Glow sticks are a fascinating example of chemiluminescence—a form of light emission that takes place without an external light or heat source. In contrast to other light-emitting processes, such as fluorescence or phosphorescence, chemiluminescence produces light through a direct chemical reaction.

This reaction is also responsible for the glow of many creatures, such as fireflies or deep-sea fish. Their biochemical variant is known as bioluminescence. Such creatures use the glow to communicate, find a partner or attract prey.

The principle of glow sticks is based on a chemical reaction between two liquids that only come into contact when the stick is bent. There is a glass tube inside, which breaks when bent and releases a reaction partner. This liquid mixes with the outer solution and starts the chemical reaction.

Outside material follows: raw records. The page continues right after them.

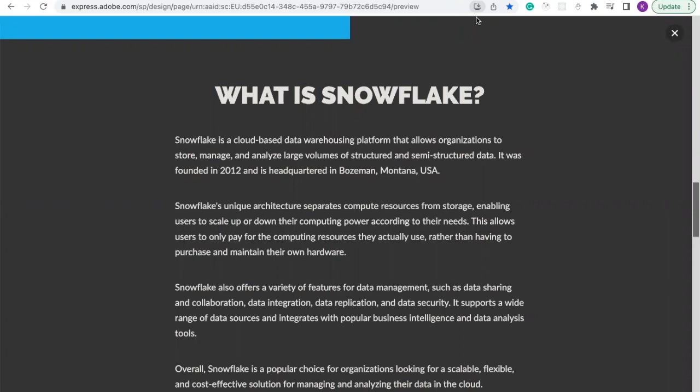Snowflake is a cloud-based data warehousing platform that allows organizations to store, manage, and analyze large volumes of structured and unstructured data. It was founded in 2012 and is headquartered in Bozeman, Montana, USA.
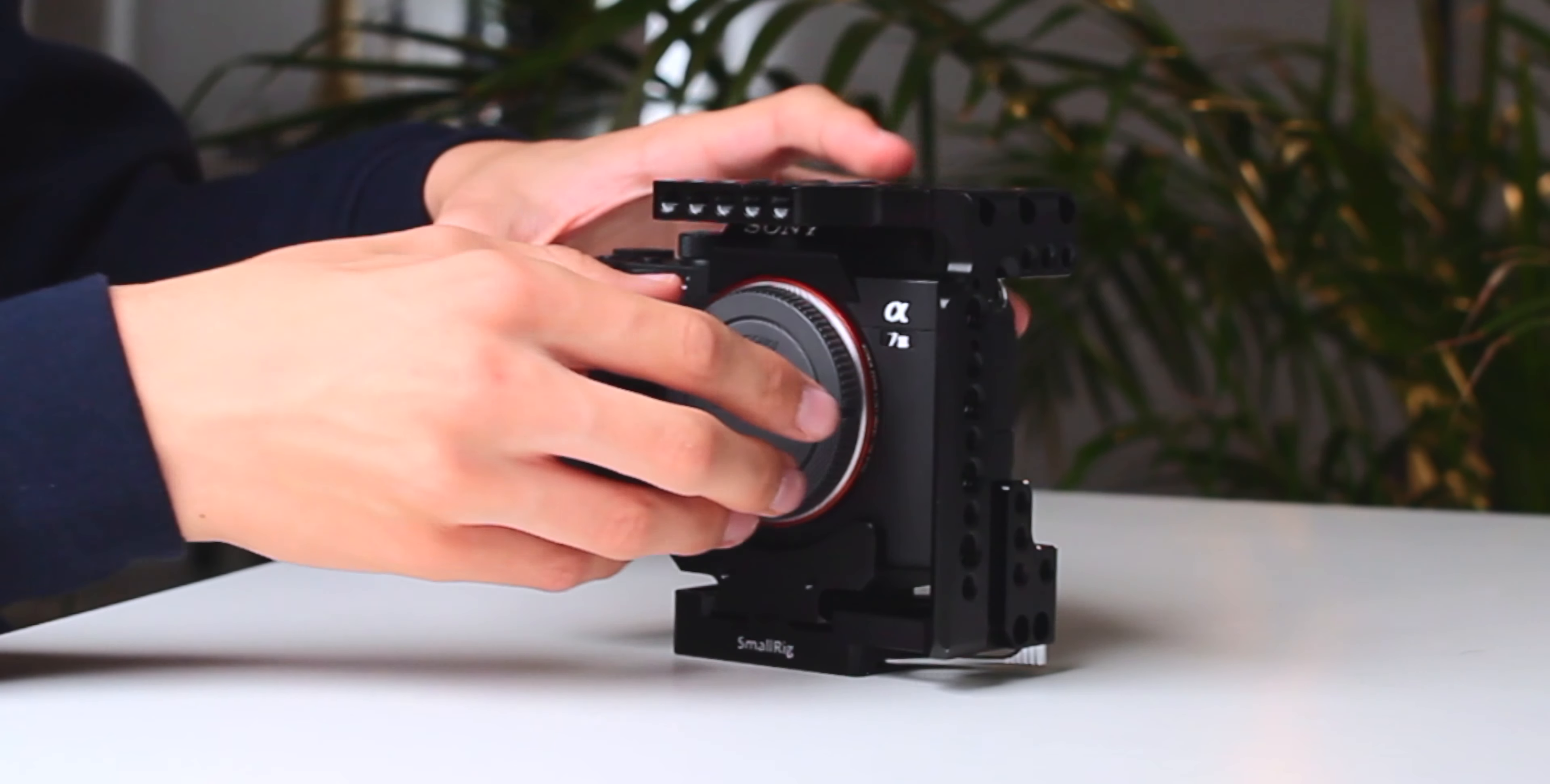The Tamron 28-75 f2.8 is a fantastic lens if you have a Sony camera. I chose it mainly because of its versatility.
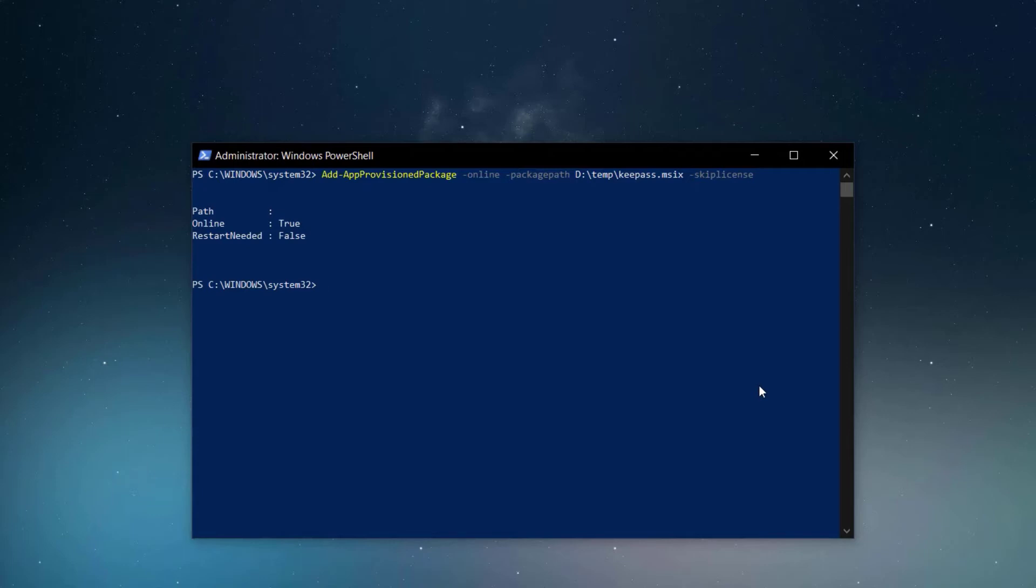Also, when you provision a package, this commandlet will inform you that the license must be specified. If you don't have a license, you can use the minus skip license parameter.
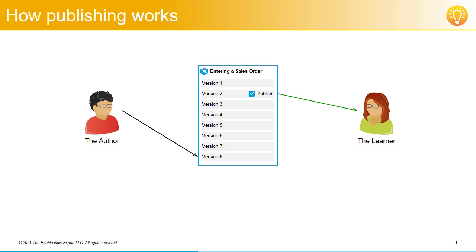Now let's assume that all of the author's edits, all of the way up to version 8, are finally approved and they republish the simulation. As far as the author's concerned, they're just publishing the simulation object, but again, what this actually does is publishes the latest version, making this version visible to learners.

The main components of the chemical reaction in glow sticks are typically:

• Hydrogen peroxide as an oxidizing agent.
• Phenyl oxalate ester, which reacts with the hydrogen peroxide.
• A fluorescent dye that determines the final color of the light.

The temperature has a strong influence on the intensity and duration of the glow. If a glow stick is placed in an icebox, for example, the chemical reaction slows down and it glows much longer, but less brightly. In hot water, on the other hand, it glows more intensely but for a shorter time.

Durchführung der Spektroskopie

One of our DIY spectrometers with fiber optic coupling and the following data was used to record the spectra:

• Arrangement: Czerny-Turner
• Focal length: 150 mm
• Slit size: 10 µm
• Grating: 300 lp/mm
• Detector: e9u-LSMD-1304-STD line scan camera with 3648 pixels
• Resolution: 0.17 nm/Pixel
• Light guide: Toslink

The glow sticks were carefully opened to remove the liquids they contained. These were filled into a cuvette for the measurement, in front of which the light guide was then positioned directly.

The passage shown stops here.